I rohingya sono un grande gruppo etnico di religione musulmana, le cui comunità si trovano per lo più in Bangladesh e in Myanmar. La fase più violenta della persecuzione dei rohingya in Myanmar iniziò tre anni fa, quando l’esercito birmano cominciò una serie di operazioni militari che comportò tra le altre cose stupri sistematici contro le donne rohingya e l’uccisione di moltissime persone. Centinaia di migliaia di persone scapparono nel vicino Bangladesh, dove vivono ancora oggi in campi profughi per lo più improvvisati e in condizioni misere.

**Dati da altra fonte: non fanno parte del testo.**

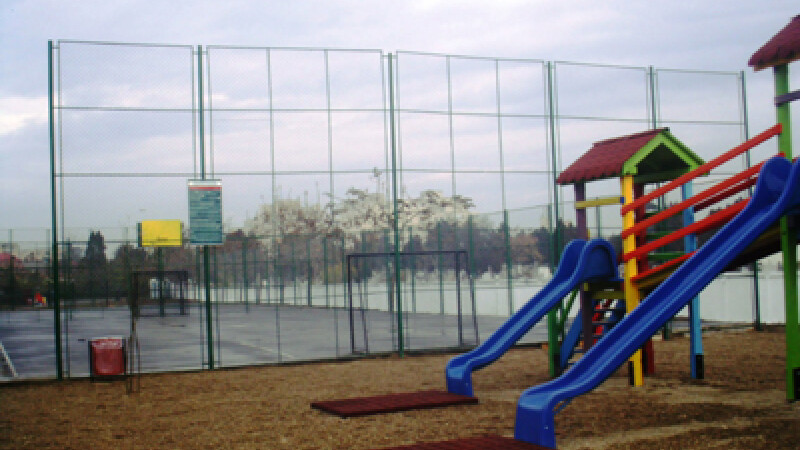Parc de joaca pentru copii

La situazione di questi campi è peggiorata ulteriormente con l’epidemia da coronavirus, che ha spinto il governo del Bangladesh a vietare alla maggior parte degli operatori umanitari di continuare ad assistere i profughi.

Negli ultimi anni, migliaia di rohingya hanno provato a raggiungere via mare la Malesia, per trovare lavoro come braccianti.

Ancora oggi i migranti si affidano ai trafficanti di esseri umani, e il viaggio è molto pericoloso, perché avviene su barche sovraffollate e con poche scorte di cibo e acqua. Quando queste imbarcazioni vengono intercettate dalla Guardia costiera malese, vengono costrette a tornare verso il Bangladesh.

Già lo scorso 15 aprile, 382 persone di etnia rohingya erano state soccorse dalla Guardia costiera al largo del Bangladesh dopo essere state respinte dalla Malesia ed essere state alla deriva per settimane: durante il viaggio, a bordo dell’imbarcazione erano morte almeno venti persone, e i profughi, molti dei quali bambini, erano stati trovati malnutriti e disidratati.